I started frantically typing my answers with fewer than five minutes to go and finished with about two left, but didn't manage to actually submit my answers until after the expiry. (I wasn't too worried - everyone had the same problems.) Then the entry form pointed out the extra 13/16 minutes, so I had a look at #9, "Minesweeper Path". I managed to solve about 2/3 of it in those last 10-ish minutes but made a major mistake from which I couldn't recover to find the solution.
The solutions are available already; I think I got all the answers I submitted correct, modulo comma placement, which makes me happy.
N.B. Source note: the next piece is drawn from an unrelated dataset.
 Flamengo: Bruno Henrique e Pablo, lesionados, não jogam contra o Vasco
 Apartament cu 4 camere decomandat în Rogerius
Accordingly I'm hoping for a score of 110 or 120 if I've somehow picked up the bonuses as well, which which I am very satisfied - more because I always had puzzles to enjoy trying to solve throughout the time and never felt I wasted a huge amount of time on a bad solution rather than anything else. That's just as much as I could ask for.
The key question, I suppose, is "Will my score be large enough to get me on the UK team?"; as ever, the answer depends far more on who else from the UK has taken part rather than anything else. I think Ken Wilshire and
Despite the problems, great questions and great fun - more so than any other timed puzzle event I've yet found. Roll on the 2004 qualifying test!
After the qualifying test, beef casserole for dinner, some light comedy, some British heavyweight boxing and some provocative, fascinating and hugely worthwhile LJ posts. Definitely a fine day in my book.